> TASK DIRECTIONS:
Keep the lines exact and the pictures out as you repeat the following listing.

> SUPPLIED MATERIAL:
################
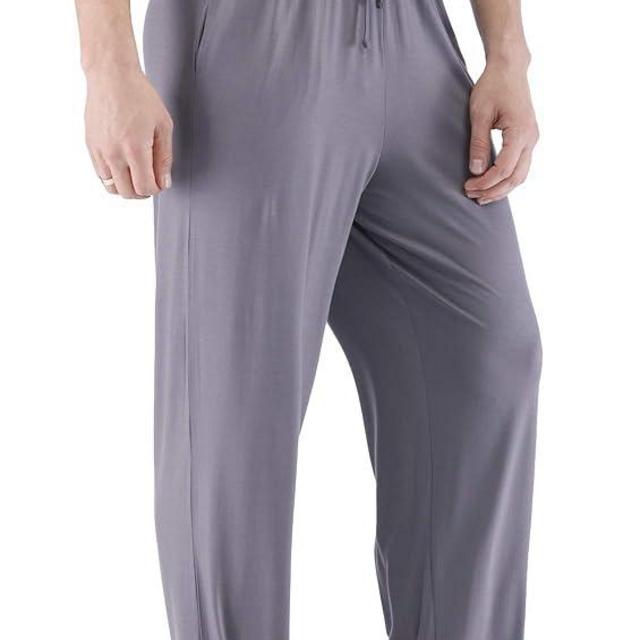 GYS Mens Pajama Pants - Viscose Made from Bamboo, Soft Sleep Pants Comfy Drawstring Lounge Bottom with Pockets Sweatpants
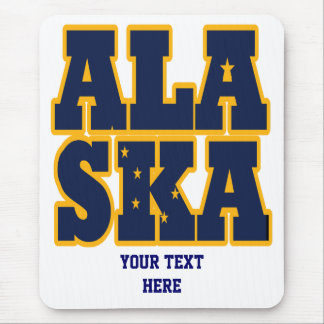 Mousepad Texto do sinalizador Estado do Alasca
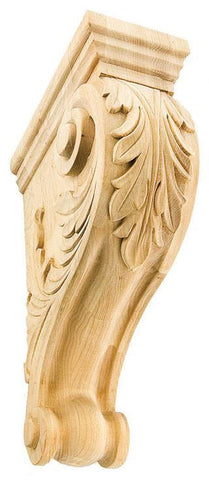 Acanthus Leaf Corbel - exterior corbels, interior corbels, hand curved corbels, large , medium , small and mini corbals, corbels for sale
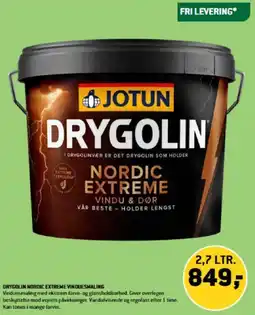 XL-BYG DRYGOLIN NORDIC EXTREME VINDUESMALING tilbud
################
> ANSWER TO THE PROBLEM:
 GYS Mens Pajama Pants - Viscose Made from Bamboo, Soft Sleep Pants Comfy Drawstring Lounge Bottom with Pockets Sweatpants
 Mousepad Texto do sinalizador Estado do Alasca
 Acanthus Leaf Corbel - exterior corbels, interior corbels, hand curved corbels, large , medium , small and mini corbals, corbels for sale
 XL-BYG DRYGOLIN NORDIC EXTREME VINDUESMALING tilbud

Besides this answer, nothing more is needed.